Annual inflation once again breached the nine per cent mark this year in May, after an aberration in April, raising speculation that the Reserve Bank of India (RBI) may raise interest rates further, despite signs of slowing growth.
The wholesale price index (WPI) increased 9.06 per cent in May from a year earlier, faster than the 8.66 per cent rise in April, because prices of fruits, fuel and manufactured goods shot up, though the rate of food and fuel inflation fell. In May 2010, inflation stood at 10.48 per cent.
Since revisions are taking place frequently these days, there is no certainty that the WPI for April will remain below nine per cent when final figures come. The case in point is March inflation, revised to 9.68 per cent today from the provisional estimate of 9.04 per cent.
Food inflation, a headache for policy makers till a few months earlier, is declining. It eased to 8.37 per cent from 8.71 per cent in April and 16.68 per cent in January. Finance Minister Pranab Mukherjee said in a statement, “Food inflation has been continuously moderating and at 8.37 per cent, is now half of the level recorded in January. Other than fruits, inflation is moderating in all food items.”
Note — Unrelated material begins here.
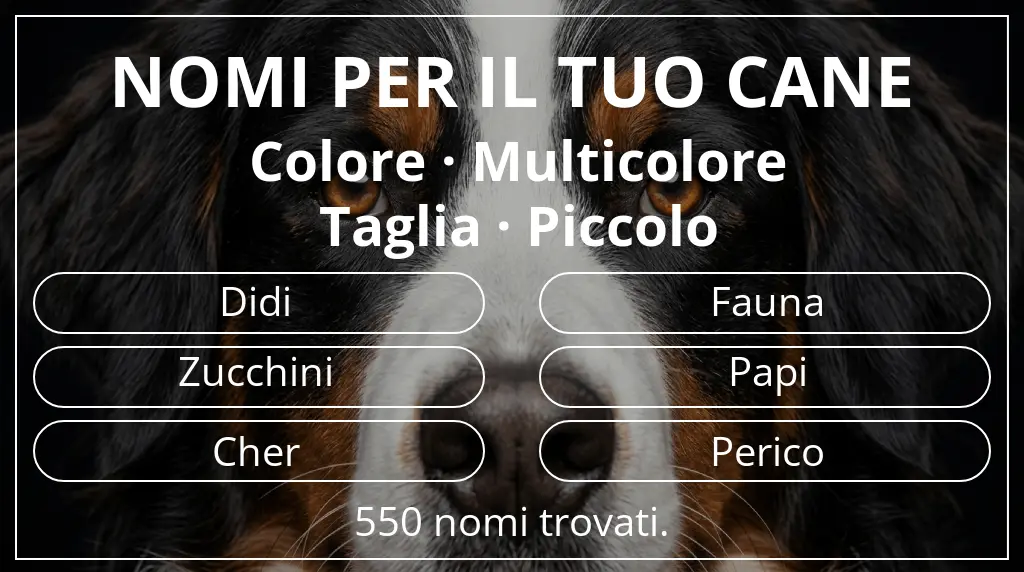 Nomi canini basati su colore multicolore e taglia piccolo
Many had feared fuel inflation would go up after the rise in petrol price was factored in, but it was down to 12.32 per cent in May from 13.32 per cent in the previous month. Inflation in manufactured goods that has the highest weightage in WPI, increased to 7.27 per cent from 6.18 per cent in May. In fact, core inflation (inflation in manufactured items sans food products) was on an upswing.
Mukherjee said, “Core inflation is higher at 8.71 per cent in comparison to 7.93 per cent in April. We would keep a close watch on developments, both domestic as well as international, in the coming months and make appropriate adjustments as we go along.”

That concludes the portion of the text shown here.